Well-written, multi-layered and thoughtful exploration of the price of wrongful imprisonment. And so much more. Awarded 4 stars on Goodreads.
This is one of those books that starts off unassuming, even a bit slow, but gathers momentum with each page. Near the end, you won’t be able to put it down, as you eagerly try to figure out how things can possibly be resolved. And once it’s over, you will feel so moved by the complexities, depth, and humanity of each character. No winners and no losers here.
Author Tayari Jones is portraying the impact a single wrongful conviction has on the wider community that surrounds each person sent to prison. And by doing so, in such a skillful way, she also illuminates the massive problem of mass incarceration currently warehousing so many men of color in the United States.
Roy Hamilton Jr. and his new wife Celestial are well-educated, ambitious, and just beginning to build a life together in Atlanta where all their dreams can come true. Until circumstances put Roy in the wrong place at the wrong time and he is unjustly convicted of a crime of violence and sentenced to 12 years in prison. What happens to Roy, Celestial, their families and friends during that enforced separation is the real meat of this novel and Jones makes it completely believable, sympathetic, and deeply human.
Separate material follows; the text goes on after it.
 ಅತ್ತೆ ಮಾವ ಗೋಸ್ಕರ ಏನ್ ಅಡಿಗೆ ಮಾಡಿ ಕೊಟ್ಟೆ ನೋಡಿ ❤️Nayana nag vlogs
There are many deep human truths explored here. Because Jones, while managing to keep each character sympathetic, also reveals how and why love and good intentions can sometimes not be strong enough to overpower our all too human frailties. And sometimes, happy endings, don’t look exactly like we think they should.
Tayari Jones is a gifted writer with wonderful insight into the human condition. I did not know of her before this book, but will certainly now pick up her others to read. (So, thank you NPR and Oprah for bringing her to my attention.)